_WHAT TO PRODUCE:_ Where the line containing "Thumbnail: 2018 Genesis G80 - 3" appears below, begin there and reproduce each line exactly through the last one, omitting pictures.

_AVAILABLE DATA:_
- - - - - - -
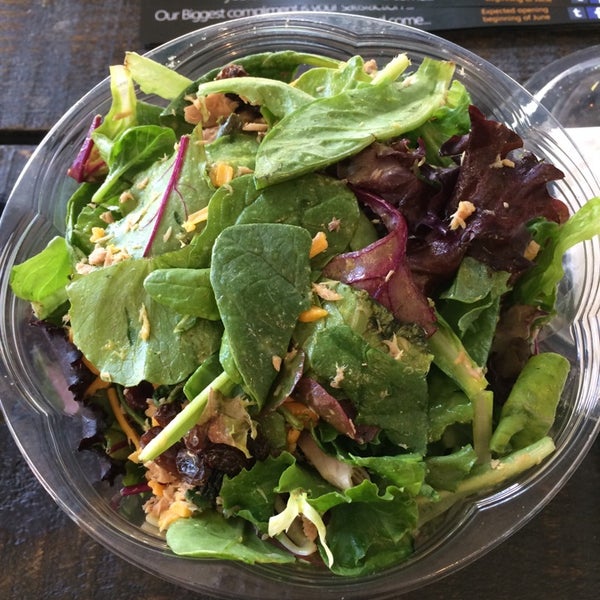 Das Foto wurde bei GreenStreets Salads von Alan am 6/6/2014 aufgenommen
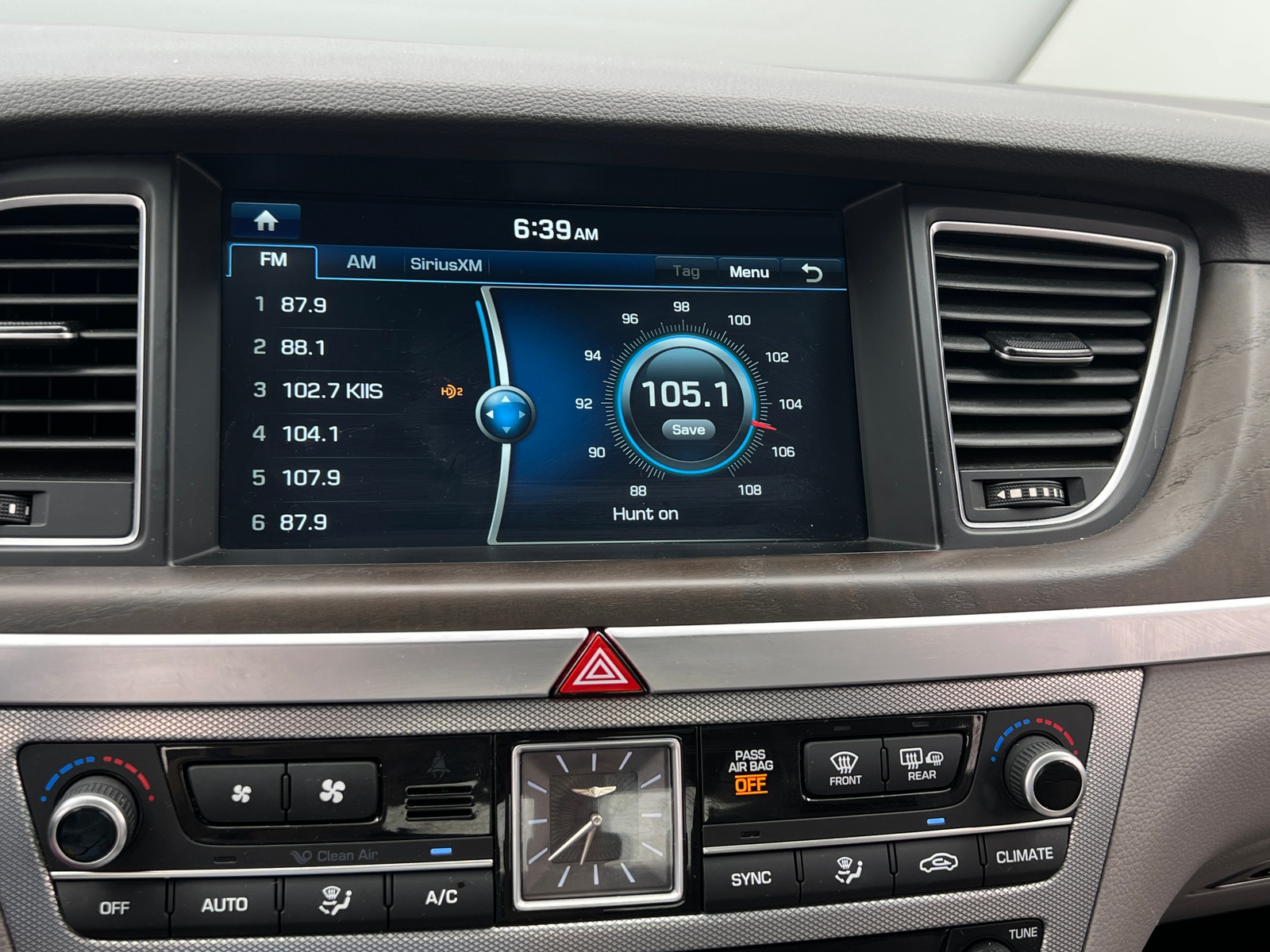 Thumbnail: 2018 Genesis G80 - 3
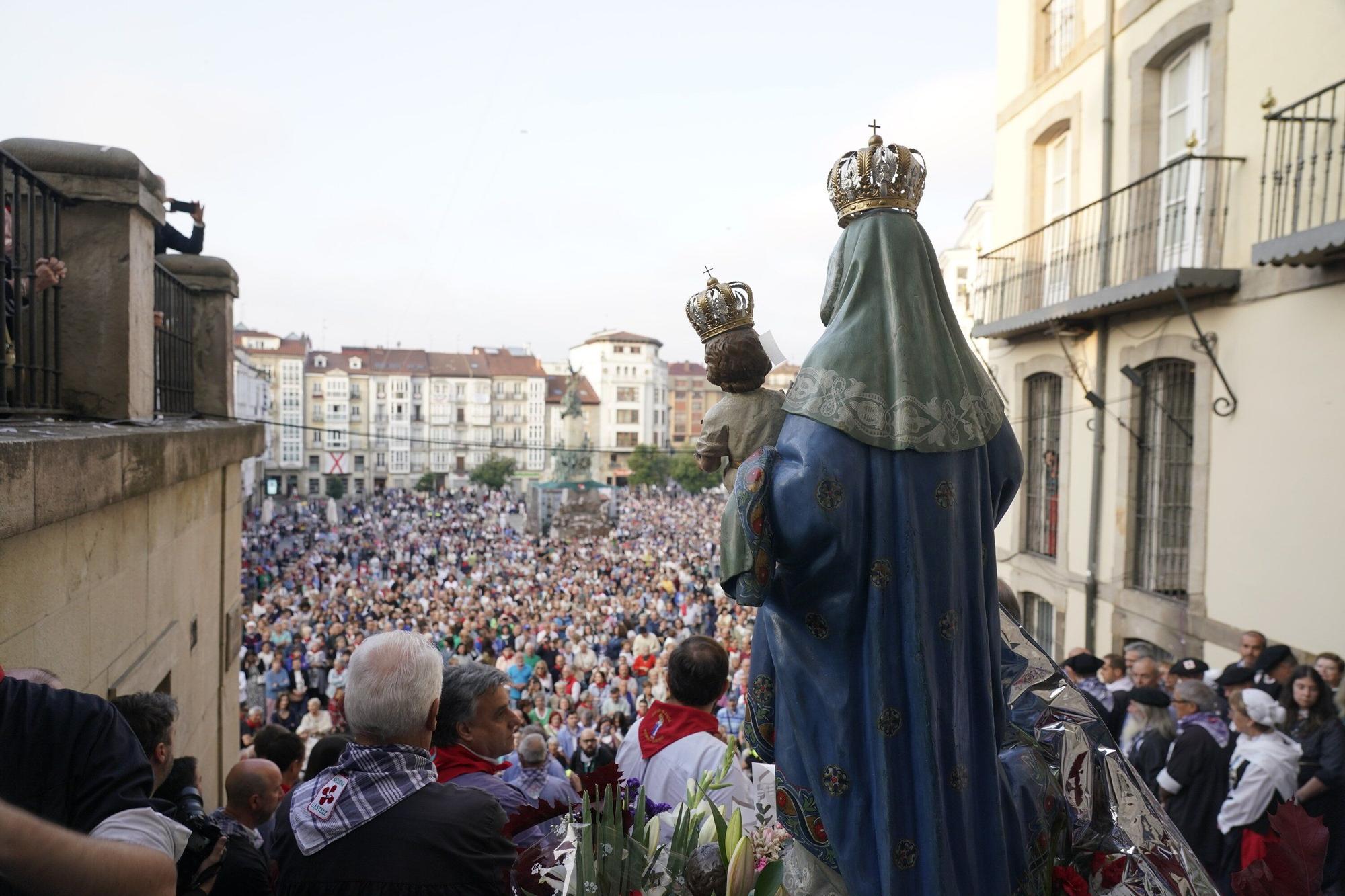 En imágenes: Miles de vitorianos acompañan a la Virgen Blanca en el Rosario de la Aurora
- - - - - - -
_ANSWER SECTION:_
 Thumbnail: 2018 Genesis G80 - 3
 En imágenes: Miles de vitorianos acompañan a la Virgen Blanca en el Rosario de la Aurora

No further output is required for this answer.